* THE TASK
Everything from the line containing "Prada Small Canvas Canapa Logo Satchel" through the last line of the listing below should be returned exactly, except for pictures.

* RECORDS SUPPLIED
--

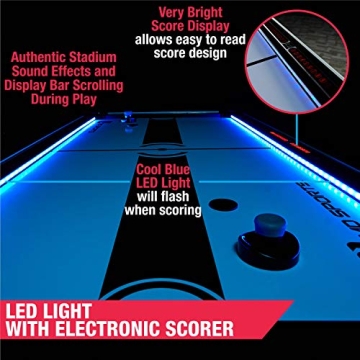 MD Sports 7' Arcade Air Hockey Table with LED Lights & Sound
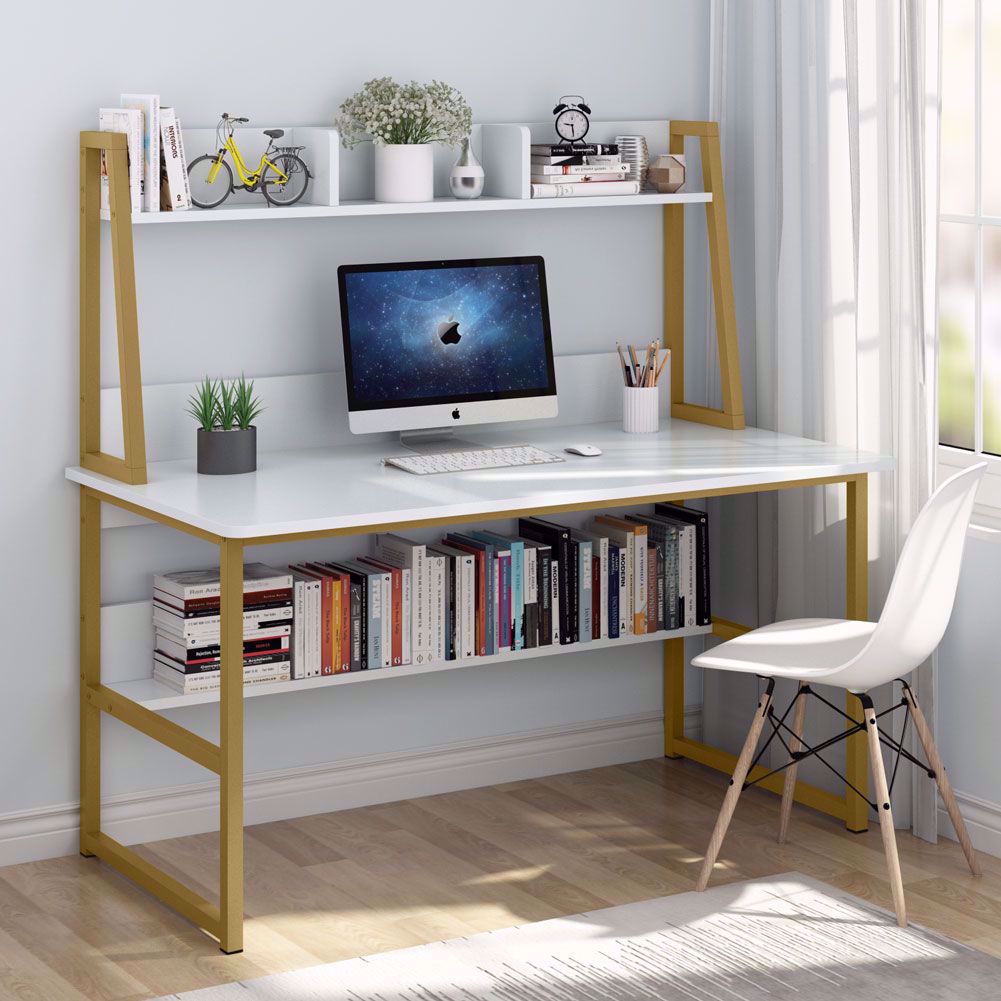 Wooden Top & Metal Base Study Table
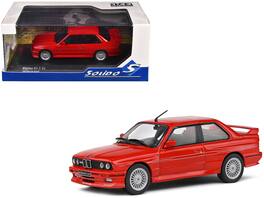 1990 BMW Alpina B6 (E30) Brilliant 1/43 Diecast Model Car by Solido - Red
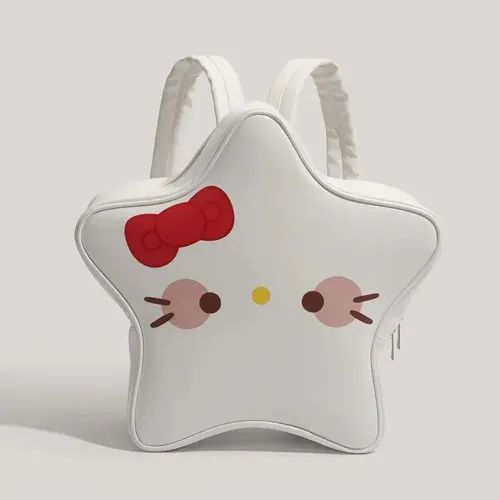 Mochila Hello Kitty Estrella Cuero PU 37 cm
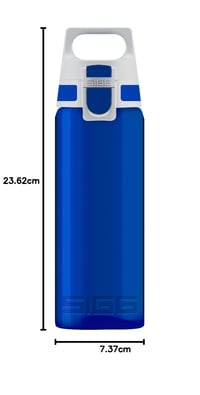 Fľaša na pitie Sigg Total Color Blue Tritan – 0,6 l, vhodná aj na sýtené nápoje, bez BPA, vhodná do umývačky riadu, nepriepustná, ľahká 9
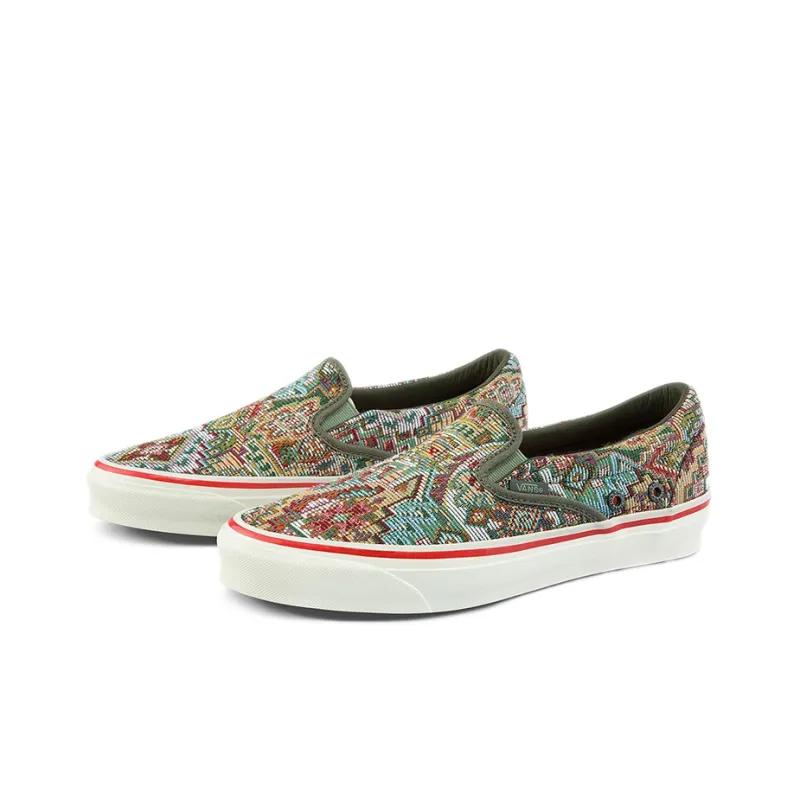 Slip On Nigel Cabourn X Og Classic Vans Lx 'Carpet Green Mix'-2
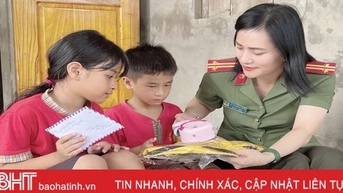Ý nghĩa lớn từ chương trình “Mẹ đỡ đầu” của Hội Phụ nữ Công an Hà Tĩnh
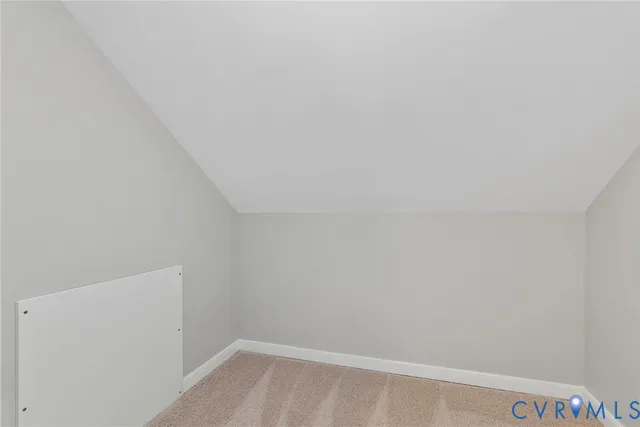 a view of small space with empty racks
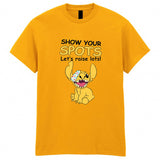 Pudsey Bear Lilo Stitch Girls Boys T-Shirt Spotty Day Kids Tee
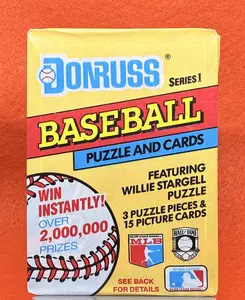 1991 Donruss Baseball Puzzle and Cards Series 1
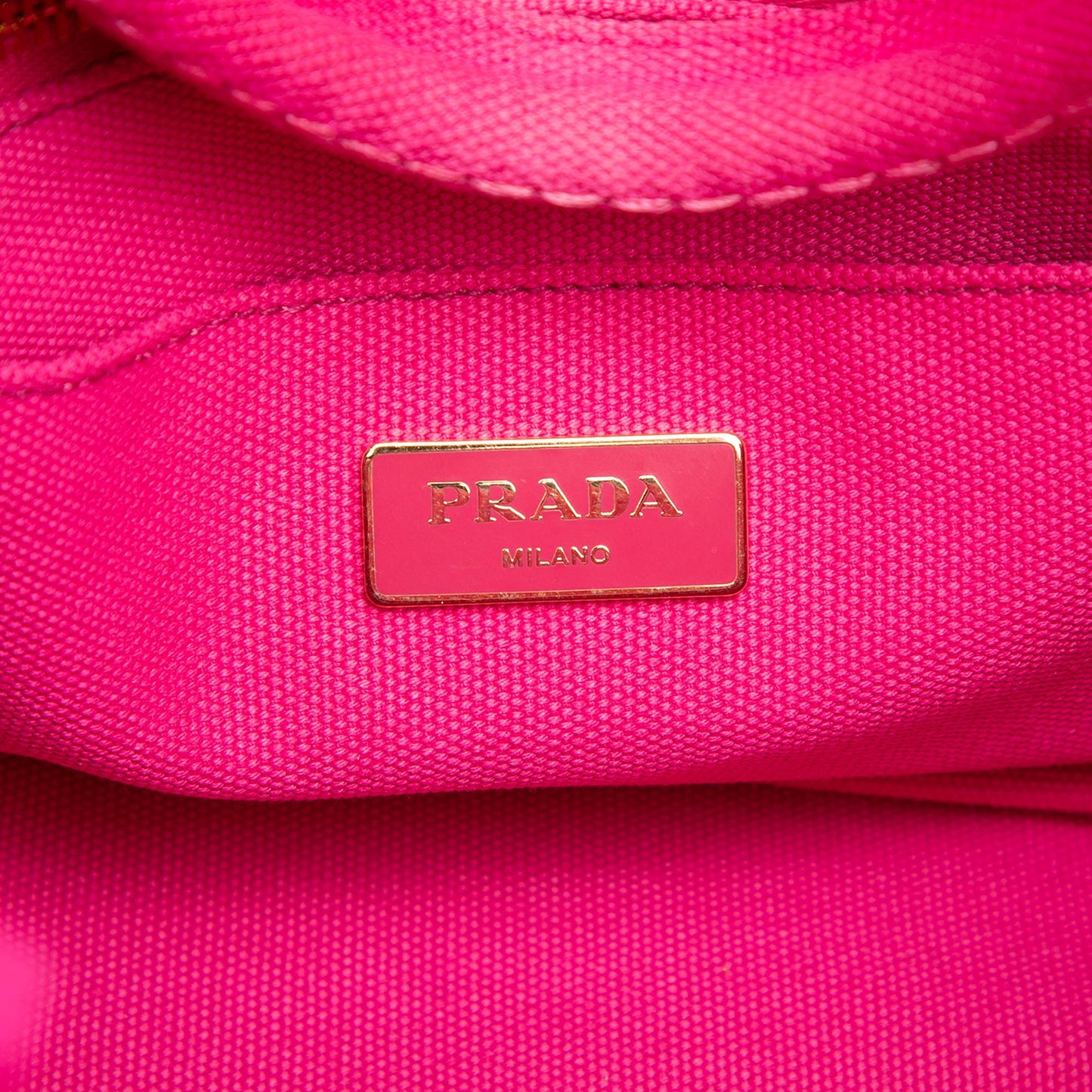 Prada Small Canvas Canapa Logo Satchel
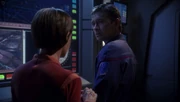 T'Pol reveals her age to Charles Tucker III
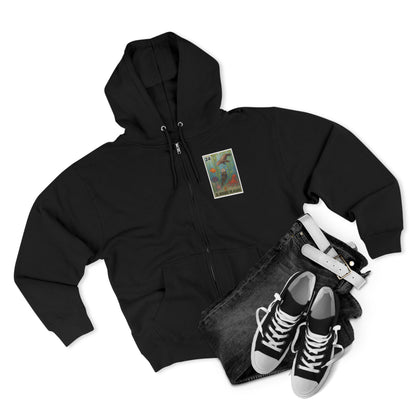 Kelp Forest Lotería zip fleece hoodie image 18
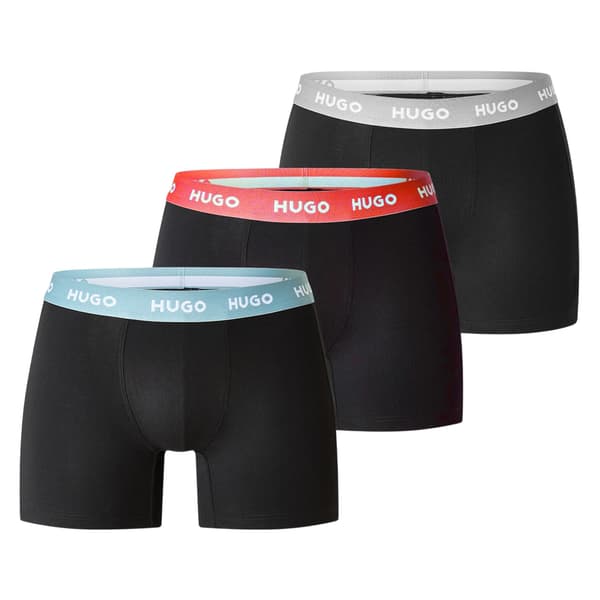 Hugo Herr Upprepande Logotyp Boxer Briefs (3-pack)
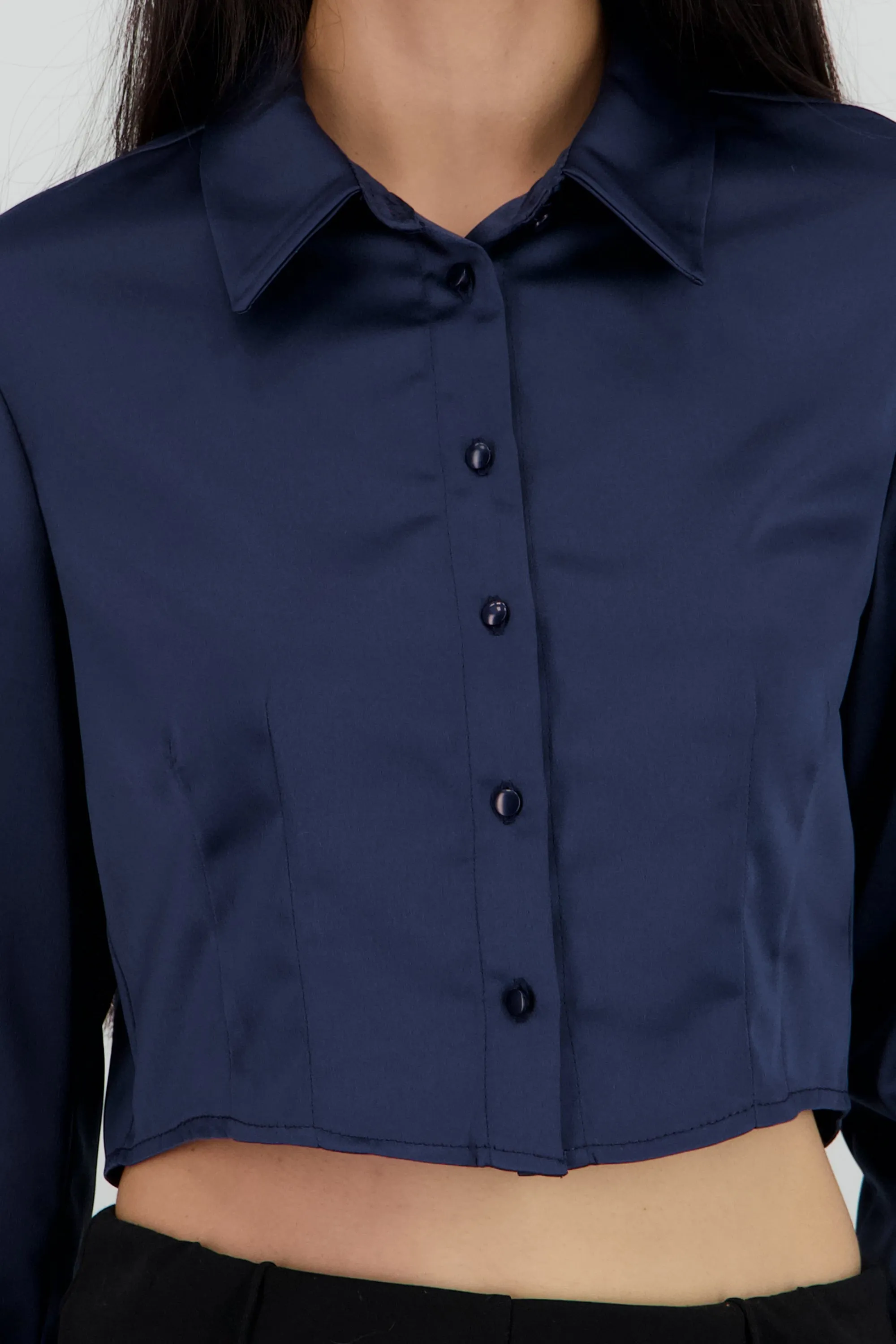 Camisa manga larga cuello detalle pinza sold by Shasa product image thumbnail 5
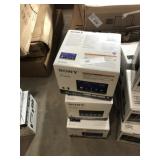 (5) Sony Clock Car Radios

--

* RESPONSE
 Prada Small Canvas Canapa Logo Satchel
 T'Pol reveals her age to Charles Tucker III
 Kelp Forest Lotería zip fleece hoodie image 18
 Hugo Herr Upprepande Logotyp Boxer Briefs (3-pack)
 Camisa manga larga cuello detalle pinza sold by Shasa product image thumbnail 5
 (5) Sony Clock Car Radios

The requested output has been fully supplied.